<table>
<tbody>
<tr><th><b>Variable</b></th><th><b>Definition</b></th><th><b>Key</b></th></tr>
<tr>
<td>survival</td>
<td>Survival</td>
<td>0 = No, 1 = Yes</td>
</tr>
<tr>
<td>pclass</td>
<td>Ticket class</td>
<td>1 = 1st, 2 = 2nd, 3 = 3rd</td>
</tr>
<tr>
<td>sex</td>
<td>Sex</td>
<td></td>
</tr>
<tr>
<td>Age</td>
<td>Age in years</td>
<td></td>
</tr>
<tr>
<td>sibsp</td>
<td># of siblings / spouses aboard the Titanic</td>
<td></td>
</tr>
<tr>
<td>parch</td>
<td># of parents / children aboard the Titanic</td>
<td></td>
</tr>
<tr>
<td>ticket</td>
<td>Ticket number</td>
<td></td>
</tr>
<tr>
<td>fare</td>
<td>Passenger fare</td>
<td></td>
</tr>
<tr>
<td>cabin</td>
<td>Cabin number</td>
<td></td>
</tr>
<tr>
<td>embarked</td>
<td>Port of Embarkation</td>
<td>C = Cherbourg, Q = Queenstown, S = Southampton</td>
</tr>
</tbody>
</table>

In [None]:
!git clone https://github.com/bsherin/LS405exploration
import sys
sys.path.append('.')
%cd LS405exploration
from utilities import *
from IPython.display import display, HTML

In [None]:
import pandas as pd
# file_id = "1lXO7JEO99fLidhHJDdZUpxinXTiU8Vf-"
# url = f'https://drive.google.com/uc?id={file_id}'
url = 'corpora/titanic.csv'
df = pd.read_csv(url)
dlist = df.to_dict('records')

# Frequency Distributions

In [None]:
def fix_numbers(df, col):
    df_fixed = df[df[col] != ""]
    df_fixed = df_fixed.astype({col: "float"})
    return df_fixed

In [None]:
import matplotlib.pyplot as plt
def freq_plot(df, col, by, nbins=10):
    df_fixed = fix_numbers(df, col)
    the_max = df_fixed[col].max()
    the_min = df_fixed[col].min()
    w = int((the_max - the_min) / nbins)
    bins = [int(w * c) for c in range(nbins + 1)]
    df_fixed.hist(column=col, by=by, bins=bins)
    plt.show()

In [None]:
freq_plot(df, "Age", "Pclass", 18)

In [None]:
df_age = fix_numbers(df, "Age")
df_age[df_age["Pclass"] == 1]["Age"].mean()

In [None]:
df_age[df_age["Pclass"] == 2]["Age"].mean()

In [None]:
df_age[df_age["Pclass"] == 3]["Age"].mean()
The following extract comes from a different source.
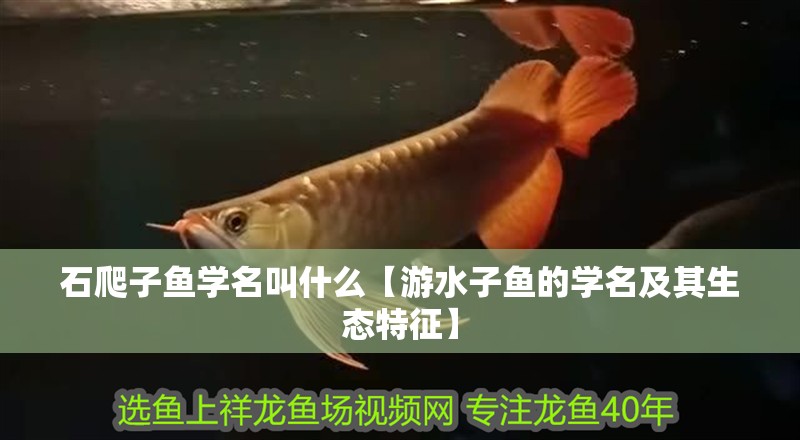 石爬子魚學名叫什么【游水子魚的學名及其生態(tài)特征】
# Contingency Table and chi_squared

In [None]:
def build_ftable(df, row_param, col_param):
    rlabels = sorted(df[row_param].unique())
    clabels = sorted(df[col_param].unique())
    the_table = [[""] + list(clabels)]
    core_table = []
    for rl in rlabels:
        the_row = [rl]
        core_row = []
        dfr = df[df[row_param] == rl]
        for cl in clabels:
            the_row.append(len(dfr[dfr[col_param] == cl]))
            core_row.append(len(dfr[dfr[col_param] == cl]))
        the_table.append(the_row)
        core_table.append(core_row)
    title = f"rows={row_param}, cols={col_param}"
    the_html = html_table(the_table, title=title)
    display(the_html)
    return core_table

In [None]:
res_table = build_ftable(df, "Pclass", "Survived")

In [None]:
import numpy as np
rtt = np.array(res_table).transpose()
rtt

In [None]:
from scipy.stats import chi2_contingency
def surv_chi(df, row_param):
    core_table = build_ftable(df, row_param, "Survived")
    stat, p, dof, expected = chi2_contingency(core_table)
    return stat, p, dof, expected

In [None]:
from scipy.stats import chi2_contingency
def surv_chi_t(df, row_param):
    core_table = build_ftable(df, row_param, "Survived")
    ctt = np.array(core_table).transpose()
    display(html_table(ctt))
    stat, p, dof, expected = chi2_contingency(ctt)
    return stat, p, dof, expected

In [None]:
import numpy as np
stat, p, dof, expected = surv_chi(df, "Pclass")
print(f"Stat: {stat}")
print(f"p: {p}")
print(f"dof: {dof}")
print(f"expected: {np.round(expected)}")

In [None]:
import numpy as np
stat, p, dof, expected = surv_chi_t(df, "Pclass")
print(f"Stat: {stat}")
print(f"p: {p}")
print(f"dof: {dof}")
print(f"expected: {np.round(expected)}")

# t-test and anova

In [None]:
freq_plot(df, "Age", "Survived", 20)

In [None]:
for surv in ["0", "1"]:
    print(df_age[df_age["Survived"] == surv]["Age"].mean())

In [None]:
from scipy.stats import ttest_ind

In [None]:
ttest_ind(df_age[df_age["Survived"] == "0"]["Age"], df_age[df_age["Survived"] == "1"]["Age"])

In [None]:
from scipy.stats import ttest_ind, f_oneway
dsets = None
def surv_test(df, row, col):
    rnames = list(df[row].unique())
    dsets = [df[df[row] == r][col] for r in rnames]
    if len(rnames) == 2:
        res = ttest_ind(*dsets)
    else:
        res = f_oneway(*dsets)
    return res

In [None]:
surv_test(df_age, "Survived", "Age")

In [None]:
surv_test(df_age, "Pclass", "Age")

In [None]:
import pandas as pd
from scipy import stats

# Assuming your DataFrame is named `df` and has the relevant columns

# Step 1: Handle missing data in the 'Age' column
dfn = df_age.dropna(subset=['Age', 'Survived'])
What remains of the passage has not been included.